• [What to work on] The answer must be an exact transcription of the lines below from the first through the one containing "little boy painting in the window", with the pictures left out; please add nothing else.
(Beginning of Raw data)
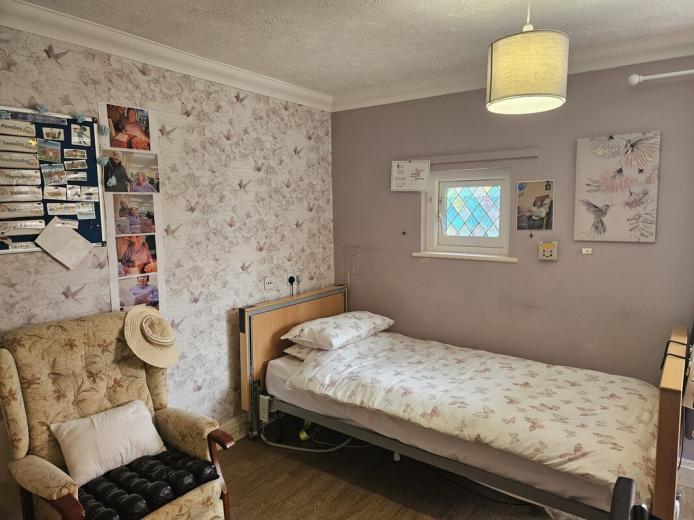 A cozy bedroom featuring a single bed with floral bedding against a light purple wall adorned with butterfly-patterned wallpaper. A small window with a colorful glass design allows natural light in. Next to the bed is a wooden bedside table. In the corner, there is a comfortable armchair with a patterned cushion and a sun hat resting on the arm. A bulletin board with various photos and notes is mounted on the wall, adding a personal touch to the space. 
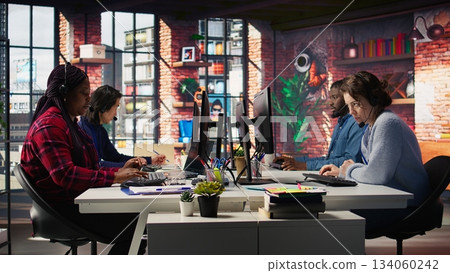 Worker providing live chat support, typing on keyboard, handling clients complaints. Call center agent dealing with unsatisfied customers, providing helpful solutions to their concerns, camera B Worker providing live chat support, typing on keyboard, handling clients complaints. Call center agent dealing with unsatisfied customers, providing helpful solutions to their concerns, camera B 134060242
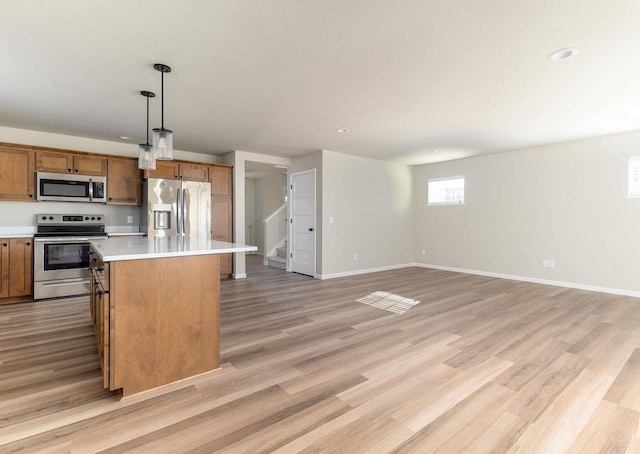 kitchen featuring pendant lighting, a kitchen island, light hardwood / wood-style flooring, and appliances with stainless steel finishes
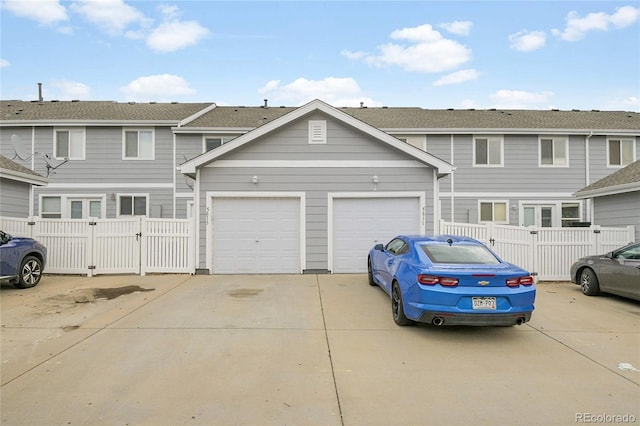 5813 Ceylon St, Denver, CO 80249 - townhome / multi-family property featuring driveway and a gate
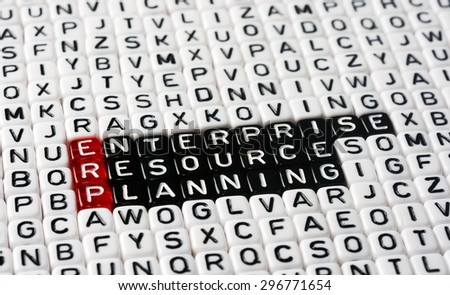 ERP Enterprise Resource Planning writen on black and white dices
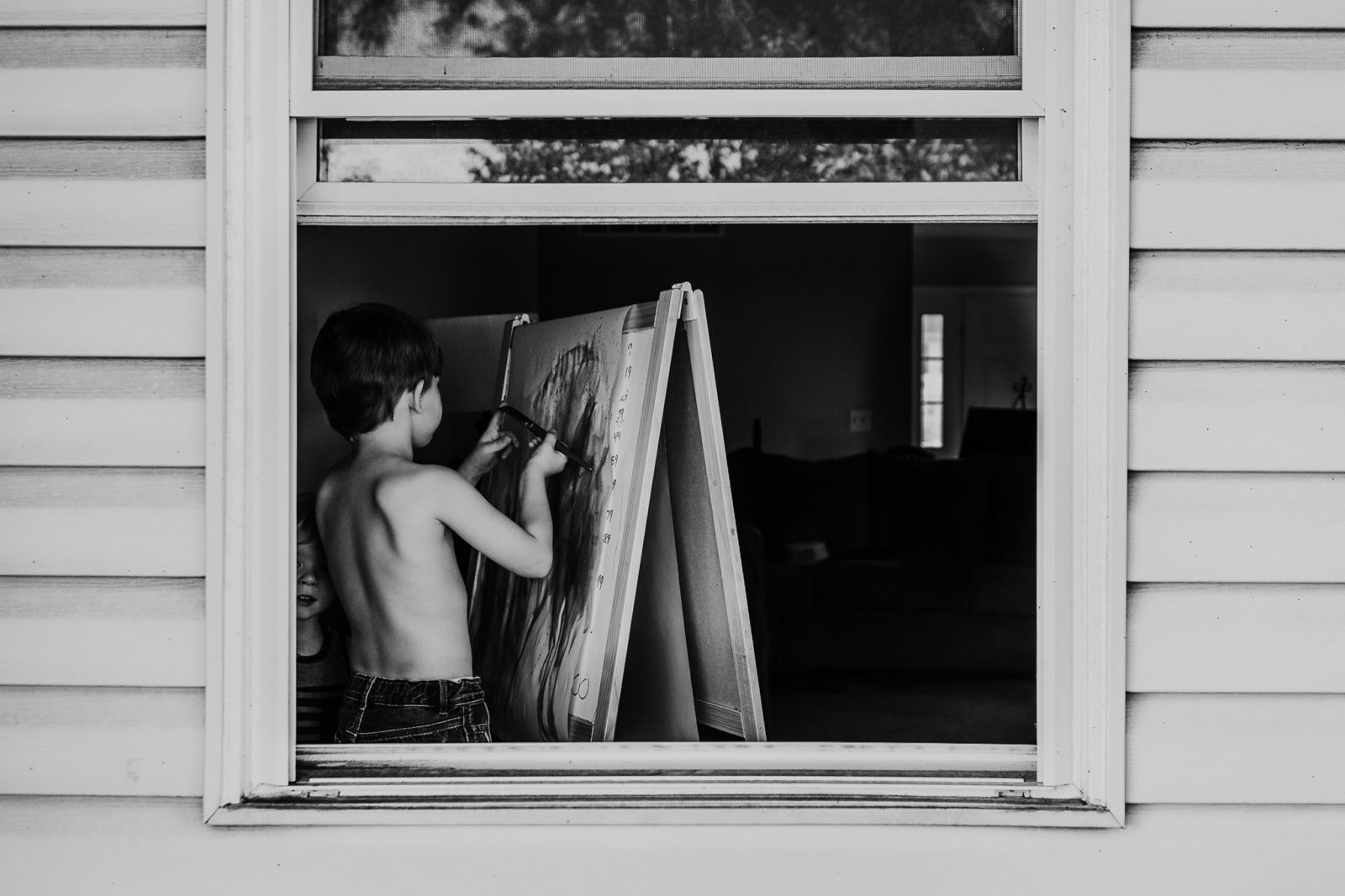 little boy painting in the window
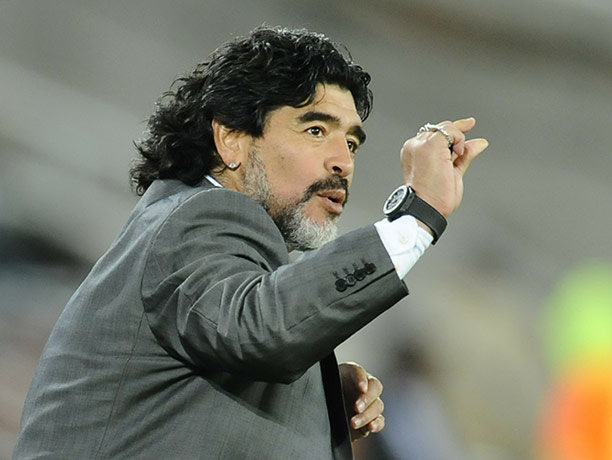 sport: Argentina's coach Diego Maradona gesture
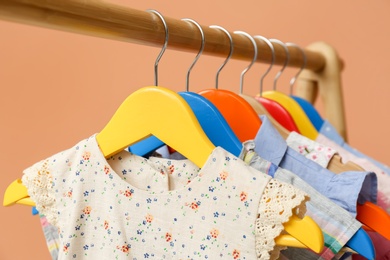 Rack with stylish children clothes on beige background, closeup Photo of Rack with stylish children clothes on beige background, closeup
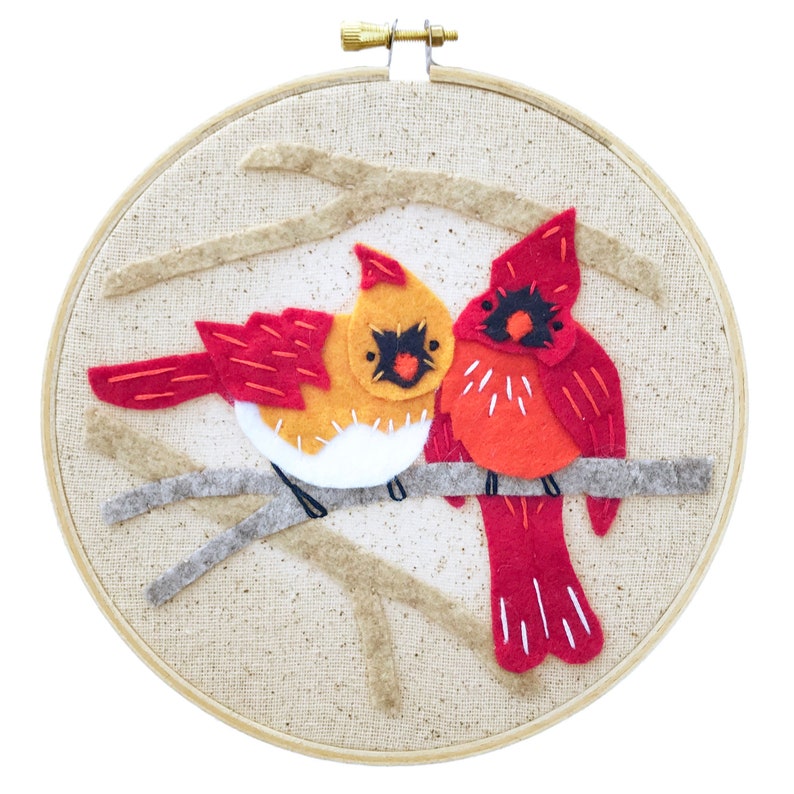 May include: A felt embroidery hoop with two red cardinals perched on a branch. The cardinals are stitched with white and orange details. The background is a beige fabric with a subtle texture.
(End of Raw data)
• [Result of the task]
 A cozy bedroom featuring a single bed with floral bedding against a light purple wall adorned with butterfly-patterned wallpaper. A small window with a colorful glass design allows natural light in. Next to the bed is a wooden bedside table. In the corner, there is a comfortable armchair with a patterned cushion and a sun hat resting on the arm. A bulletin board with various photos and notes is mounted on the wall, adding a personal touch to the space. 
 Worker providing live chat support, typing on keyboard, handling clients complaints. Call center agent dealing with unsatisfied customers, providing helpful solutions to their concerns, camera B Worker providing live chat support, typing on keyboard, handling clients complaints. Call center agent dealing with unsatisfied customers, providing helpful solutions to their concerns, camera B 134060242
 kitchen featuring pendant lighting, a kitchen island, light hardwood / wood-style flooring, and appliances with stainless steel finishes
 5813 Ceylon St, Denver, CO 80249 - townhome / multi-family property featuring driveway and a gate
 ERP Enterprise Resource Planning writen on black and white dices
 little boy painting in the window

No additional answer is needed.